Key Findings from my PhD Dissertation:
Safety Conditioning is a therapeutic tool to reduce long-term contextual fear in a high-anxiety mouse strain.
I found that these behavioral improvements are followed by a decrease of perineuronal nets (PNNs) around parvalbumin (PV) interneurons within the infralimbic cortex (IL) & sustained PV activity at long-term memory retrieval.
I set out to determine how PNNs may regulate PV’s dynamic range & how PNNs are remodeled in a learning-specific manner. Through this work, I revealed a new non-myelinating role for oligodendrocytes in plasticity.
My work was the first to describe a learning-dependent role for satellite oligodendrocyte lineage cells (satOLCs).
Using single-cell RNA sequencing data, I revealed that oligodendrocyte lineage cells (OLCs) differentially express genes that build or remodel the PNN.
OPCs express PNN structural genes.
Newly-formed OLs express both PNN structural genes & PNN degradation enzymes.
Mature OLs primarily express PNN degradation enzymes.
Proposed Outcome of satOL-PNN Regulation. Safety conditioning triggers satOLs to produce enzymes that degrade PNNs.

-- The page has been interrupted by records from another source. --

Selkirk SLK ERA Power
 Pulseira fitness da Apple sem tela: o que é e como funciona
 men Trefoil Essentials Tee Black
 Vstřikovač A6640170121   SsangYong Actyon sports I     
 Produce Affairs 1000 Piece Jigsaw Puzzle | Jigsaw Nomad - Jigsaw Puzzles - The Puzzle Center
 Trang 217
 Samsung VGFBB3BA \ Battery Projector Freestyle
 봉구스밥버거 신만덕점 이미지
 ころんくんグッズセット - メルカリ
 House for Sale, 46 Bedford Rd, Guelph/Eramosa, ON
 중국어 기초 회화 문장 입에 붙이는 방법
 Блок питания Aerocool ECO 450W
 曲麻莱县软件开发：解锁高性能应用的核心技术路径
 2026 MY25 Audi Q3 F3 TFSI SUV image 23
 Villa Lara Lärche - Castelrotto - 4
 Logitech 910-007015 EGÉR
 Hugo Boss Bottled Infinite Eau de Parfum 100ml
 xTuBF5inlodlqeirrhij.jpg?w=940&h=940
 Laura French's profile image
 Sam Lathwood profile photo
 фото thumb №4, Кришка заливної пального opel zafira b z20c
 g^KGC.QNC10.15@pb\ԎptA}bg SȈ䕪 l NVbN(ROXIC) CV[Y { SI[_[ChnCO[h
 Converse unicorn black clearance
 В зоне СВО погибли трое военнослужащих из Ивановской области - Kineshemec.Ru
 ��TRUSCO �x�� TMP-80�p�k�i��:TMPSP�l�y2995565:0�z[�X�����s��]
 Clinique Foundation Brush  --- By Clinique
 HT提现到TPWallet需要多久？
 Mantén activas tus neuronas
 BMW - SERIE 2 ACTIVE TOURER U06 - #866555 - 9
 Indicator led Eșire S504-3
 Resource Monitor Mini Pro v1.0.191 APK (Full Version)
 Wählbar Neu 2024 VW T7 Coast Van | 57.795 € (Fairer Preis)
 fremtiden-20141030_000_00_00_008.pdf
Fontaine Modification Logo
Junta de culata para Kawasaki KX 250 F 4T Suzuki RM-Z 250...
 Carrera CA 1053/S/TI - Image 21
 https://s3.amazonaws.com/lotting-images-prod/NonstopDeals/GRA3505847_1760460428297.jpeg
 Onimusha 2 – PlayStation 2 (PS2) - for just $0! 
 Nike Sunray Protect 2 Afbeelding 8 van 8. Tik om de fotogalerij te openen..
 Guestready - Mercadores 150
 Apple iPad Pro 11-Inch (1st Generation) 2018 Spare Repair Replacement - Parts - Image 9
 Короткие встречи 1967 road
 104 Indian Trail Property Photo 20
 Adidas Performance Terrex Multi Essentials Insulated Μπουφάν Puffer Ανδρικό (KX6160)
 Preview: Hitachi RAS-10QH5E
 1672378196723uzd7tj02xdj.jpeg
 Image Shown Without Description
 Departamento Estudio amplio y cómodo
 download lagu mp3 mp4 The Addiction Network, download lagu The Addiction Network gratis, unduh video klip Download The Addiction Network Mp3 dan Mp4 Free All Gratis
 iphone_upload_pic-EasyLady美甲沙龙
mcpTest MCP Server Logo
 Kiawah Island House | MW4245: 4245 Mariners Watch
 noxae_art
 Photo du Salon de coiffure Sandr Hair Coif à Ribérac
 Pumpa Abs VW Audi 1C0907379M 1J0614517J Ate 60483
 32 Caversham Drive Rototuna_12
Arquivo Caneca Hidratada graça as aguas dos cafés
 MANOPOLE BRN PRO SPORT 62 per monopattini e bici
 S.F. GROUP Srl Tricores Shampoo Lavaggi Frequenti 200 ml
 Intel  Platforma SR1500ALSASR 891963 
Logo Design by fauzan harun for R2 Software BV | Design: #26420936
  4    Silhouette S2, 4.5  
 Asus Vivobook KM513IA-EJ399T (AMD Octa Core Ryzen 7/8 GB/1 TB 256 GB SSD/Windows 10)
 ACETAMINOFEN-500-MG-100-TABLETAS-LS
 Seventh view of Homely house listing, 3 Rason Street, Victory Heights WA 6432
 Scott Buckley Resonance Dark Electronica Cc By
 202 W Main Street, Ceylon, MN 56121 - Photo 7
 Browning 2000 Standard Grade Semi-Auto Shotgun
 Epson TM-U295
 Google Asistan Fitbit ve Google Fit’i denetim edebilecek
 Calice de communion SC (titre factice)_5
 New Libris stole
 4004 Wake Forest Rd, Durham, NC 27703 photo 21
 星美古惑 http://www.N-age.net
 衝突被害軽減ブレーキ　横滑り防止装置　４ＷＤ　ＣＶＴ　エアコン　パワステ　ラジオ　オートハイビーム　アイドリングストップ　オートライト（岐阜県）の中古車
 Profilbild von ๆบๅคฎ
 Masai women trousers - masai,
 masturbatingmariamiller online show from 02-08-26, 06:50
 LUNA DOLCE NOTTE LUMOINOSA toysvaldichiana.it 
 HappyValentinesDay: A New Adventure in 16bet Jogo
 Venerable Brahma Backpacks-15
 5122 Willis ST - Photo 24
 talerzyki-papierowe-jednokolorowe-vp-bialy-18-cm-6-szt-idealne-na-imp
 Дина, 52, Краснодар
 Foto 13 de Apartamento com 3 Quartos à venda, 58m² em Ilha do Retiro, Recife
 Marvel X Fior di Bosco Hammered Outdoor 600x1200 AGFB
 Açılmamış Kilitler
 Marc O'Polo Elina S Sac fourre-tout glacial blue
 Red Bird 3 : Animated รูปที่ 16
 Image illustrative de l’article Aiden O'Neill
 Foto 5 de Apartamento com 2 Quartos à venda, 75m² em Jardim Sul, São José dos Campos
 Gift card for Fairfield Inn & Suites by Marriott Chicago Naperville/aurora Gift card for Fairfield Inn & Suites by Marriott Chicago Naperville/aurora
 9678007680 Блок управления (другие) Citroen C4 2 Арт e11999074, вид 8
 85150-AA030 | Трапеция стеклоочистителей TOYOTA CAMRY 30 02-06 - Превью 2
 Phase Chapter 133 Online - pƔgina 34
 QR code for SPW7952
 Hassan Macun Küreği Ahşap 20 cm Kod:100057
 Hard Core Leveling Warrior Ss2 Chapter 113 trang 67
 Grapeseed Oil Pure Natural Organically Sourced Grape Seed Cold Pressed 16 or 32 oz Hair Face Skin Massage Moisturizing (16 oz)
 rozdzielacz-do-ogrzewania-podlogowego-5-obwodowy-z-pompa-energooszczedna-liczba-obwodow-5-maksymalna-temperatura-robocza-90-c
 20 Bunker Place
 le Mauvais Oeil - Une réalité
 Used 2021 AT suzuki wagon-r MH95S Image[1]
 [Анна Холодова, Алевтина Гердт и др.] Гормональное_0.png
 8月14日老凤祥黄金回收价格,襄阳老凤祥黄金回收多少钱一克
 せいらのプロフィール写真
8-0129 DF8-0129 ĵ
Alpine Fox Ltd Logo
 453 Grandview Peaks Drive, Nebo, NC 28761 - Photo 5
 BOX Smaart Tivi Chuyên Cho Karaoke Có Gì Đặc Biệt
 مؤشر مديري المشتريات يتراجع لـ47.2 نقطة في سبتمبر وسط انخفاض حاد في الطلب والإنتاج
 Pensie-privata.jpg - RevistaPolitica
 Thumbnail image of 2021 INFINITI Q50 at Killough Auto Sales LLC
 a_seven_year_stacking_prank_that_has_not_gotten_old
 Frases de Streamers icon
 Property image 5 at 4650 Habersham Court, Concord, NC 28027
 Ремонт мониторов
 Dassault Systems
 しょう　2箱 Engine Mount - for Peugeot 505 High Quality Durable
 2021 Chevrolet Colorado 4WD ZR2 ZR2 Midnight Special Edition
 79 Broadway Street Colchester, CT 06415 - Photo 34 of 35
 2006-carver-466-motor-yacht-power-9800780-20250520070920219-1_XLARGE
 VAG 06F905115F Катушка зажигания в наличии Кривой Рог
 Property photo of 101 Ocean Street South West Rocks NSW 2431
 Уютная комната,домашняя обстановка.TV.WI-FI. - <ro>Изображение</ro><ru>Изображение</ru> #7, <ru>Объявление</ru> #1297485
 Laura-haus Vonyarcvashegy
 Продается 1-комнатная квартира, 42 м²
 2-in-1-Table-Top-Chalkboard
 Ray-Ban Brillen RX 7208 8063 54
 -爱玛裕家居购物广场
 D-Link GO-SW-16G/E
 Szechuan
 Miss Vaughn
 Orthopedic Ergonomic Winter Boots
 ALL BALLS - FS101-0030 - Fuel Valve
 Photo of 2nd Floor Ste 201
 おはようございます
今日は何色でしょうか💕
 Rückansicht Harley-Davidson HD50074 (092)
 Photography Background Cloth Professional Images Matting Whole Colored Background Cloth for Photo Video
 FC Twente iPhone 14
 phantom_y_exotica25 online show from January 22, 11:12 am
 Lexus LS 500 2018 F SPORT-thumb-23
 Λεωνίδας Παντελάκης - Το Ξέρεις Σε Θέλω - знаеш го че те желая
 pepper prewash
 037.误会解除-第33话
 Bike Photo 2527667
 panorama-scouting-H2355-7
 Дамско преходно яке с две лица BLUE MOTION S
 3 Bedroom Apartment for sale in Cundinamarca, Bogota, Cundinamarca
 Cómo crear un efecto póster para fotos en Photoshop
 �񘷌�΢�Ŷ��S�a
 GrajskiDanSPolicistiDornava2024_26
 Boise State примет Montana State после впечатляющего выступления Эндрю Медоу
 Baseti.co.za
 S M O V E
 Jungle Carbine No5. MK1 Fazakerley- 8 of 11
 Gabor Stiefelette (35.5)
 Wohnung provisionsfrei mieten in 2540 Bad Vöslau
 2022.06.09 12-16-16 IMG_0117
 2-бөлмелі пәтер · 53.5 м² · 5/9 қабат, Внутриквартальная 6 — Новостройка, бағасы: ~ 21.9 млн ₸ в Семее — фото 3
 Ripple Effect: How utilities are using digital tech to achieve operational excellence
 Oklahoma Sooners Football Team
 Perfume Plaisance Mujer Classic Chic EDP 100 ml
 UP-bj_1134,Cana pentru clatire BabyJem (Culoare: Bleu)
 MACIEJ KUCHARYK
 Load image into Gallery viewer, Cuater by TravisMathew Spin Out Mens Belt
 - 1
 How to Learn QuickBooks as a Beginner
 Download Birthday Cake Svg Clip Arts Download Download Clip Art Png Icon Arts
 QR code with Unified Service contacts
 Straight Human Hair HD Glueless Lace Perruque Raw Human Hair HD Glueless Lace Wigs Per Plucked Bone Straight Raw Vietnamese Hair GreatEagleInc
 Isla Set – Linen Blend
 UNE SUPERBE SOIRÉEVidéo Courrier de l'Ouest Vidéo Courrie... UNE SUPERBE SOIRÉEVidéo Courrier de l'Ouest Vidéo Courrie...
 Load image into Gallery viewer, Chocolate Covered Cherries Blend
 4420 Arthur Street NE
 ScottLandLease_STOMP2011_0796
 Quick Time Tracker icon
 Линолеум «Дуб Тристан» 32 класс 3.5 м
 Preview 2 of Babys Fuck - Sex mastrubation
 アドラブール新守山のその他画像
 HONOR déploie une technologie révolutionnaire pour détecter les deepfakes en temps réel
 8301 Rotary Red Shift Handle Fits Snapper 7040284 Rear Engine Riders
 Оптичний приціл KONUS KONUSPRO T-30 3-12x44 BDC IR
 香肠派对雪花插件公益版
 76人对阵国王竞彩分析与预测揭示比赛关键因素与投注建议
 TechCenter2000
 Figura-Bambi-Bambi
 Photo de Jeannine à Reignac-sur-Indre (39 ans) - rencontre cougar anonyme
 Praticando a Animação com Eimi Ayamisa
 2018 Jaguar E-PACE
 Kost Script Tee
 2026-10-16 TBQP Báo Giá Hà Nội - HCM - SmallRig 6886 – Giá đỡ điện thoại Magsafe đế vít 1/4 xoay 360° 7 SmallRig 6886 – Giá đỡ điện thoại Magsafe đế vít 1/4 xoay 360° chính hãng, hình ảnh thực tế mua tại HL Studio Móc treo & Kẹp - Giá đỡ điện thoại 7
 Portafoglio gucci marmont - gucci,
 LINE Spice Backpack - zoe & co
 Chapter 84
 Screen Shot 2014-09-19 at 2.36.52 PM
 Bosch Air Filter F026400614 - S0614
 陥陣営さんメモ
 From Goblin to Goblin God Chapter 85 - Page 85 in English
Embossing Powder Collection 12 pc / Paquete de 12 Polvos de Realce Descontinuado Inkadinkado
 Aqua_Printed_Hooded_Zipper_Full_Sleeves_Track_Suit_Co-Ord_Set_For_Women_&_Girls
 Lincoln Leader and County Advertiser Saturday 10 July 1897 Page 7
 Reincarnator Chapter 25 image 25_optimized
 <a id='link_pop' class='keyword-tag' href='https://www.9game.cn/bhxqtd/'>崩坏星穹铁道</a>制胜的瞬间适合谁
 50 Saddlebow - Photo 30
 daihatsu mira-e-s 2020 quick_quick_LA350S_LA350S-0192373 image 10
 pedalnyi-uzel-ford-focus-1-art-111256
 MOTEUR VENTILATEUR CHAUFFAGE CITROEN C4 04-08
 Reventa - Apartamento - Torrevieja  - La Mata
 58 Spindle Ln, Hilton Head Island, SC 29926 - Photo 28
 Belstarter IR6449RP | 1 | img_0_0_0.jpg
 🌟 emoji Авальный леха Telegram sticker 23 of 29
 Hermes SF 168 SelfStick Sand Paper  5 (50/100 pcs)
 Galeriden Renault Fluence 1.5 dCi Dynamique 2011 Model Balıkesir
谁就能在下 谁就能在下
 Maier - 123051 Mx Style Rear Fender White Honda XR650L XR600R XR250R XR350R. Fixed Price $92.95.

This activity could have a range of effects, such as decreasing overall PNN density, remodeling of existing PNNs by increasing the size of holes (e.g., creating more real estate for new synaptic input), or preventing their formation, freeing PV from its constraints. With reduced PNN presence, PV INs are open to new synaptic connections, both activating and inhibitory. For example, GABAergic inputs would inhibit the PNN-free PV IN, disinhibiting local excitatory PNs (Wang et al., 2024). In this way, PV inhibitory activity is kept at an equilibrium, maintaining IL activation during fear inhibition. By limiting PNN expression, PV INs gain an expanded dynamic range, allowing them to activate selectively based on behavioral demands. This shift supports a balanced excitation-inhibition ratio, which in turn fosters adaptive learning, memory processes, and cognitive flexibility.